We commend the Village of Carol Stream and their Public Works department for expanding their understanding of safety to include our environment and congratulate them on being our 2023 SaltSmart community!
Conservation@Home Award Winner: Jan Smith
Jan Smith of Carol Stream is this year’s clear choice for our Conservation@Home Award winner. As an enthusiastic participant in our Conservation@Home program, Jan has not one but THREE different properties that have been led to Conservation@Home certification by her hard work and dedication to environmentally friendly landscaping. Jan’s previous home, the Windsor Park retirement community where she resides now, and Jan Smith Park in Carol Stream (named after her) have all received certification thanks to Jan’s efforts.
Jan’s residential yard in Carol Stream was well known for its striking native plantings and the organic vegetables she has been a proponent of since long before organic gardening was the “in” thing.
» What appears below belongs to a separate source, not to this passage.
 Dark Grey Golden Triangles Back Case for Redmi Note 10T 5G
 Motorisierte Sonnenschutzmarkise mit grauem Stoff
And now in her apartment, she grows native plants and has them all over her patio. “Besides being very sweet, Jan is very dedicated,” says Jim Kleinwachter, our Conservation@Home Program Manager. “She has taken it upon herself to put in native plants all over the Windsor Park community, including her own prairie, and she has brought a group of fellow residents to the farm and had me come in and speak with them to share her passion and pique their interest in nature.”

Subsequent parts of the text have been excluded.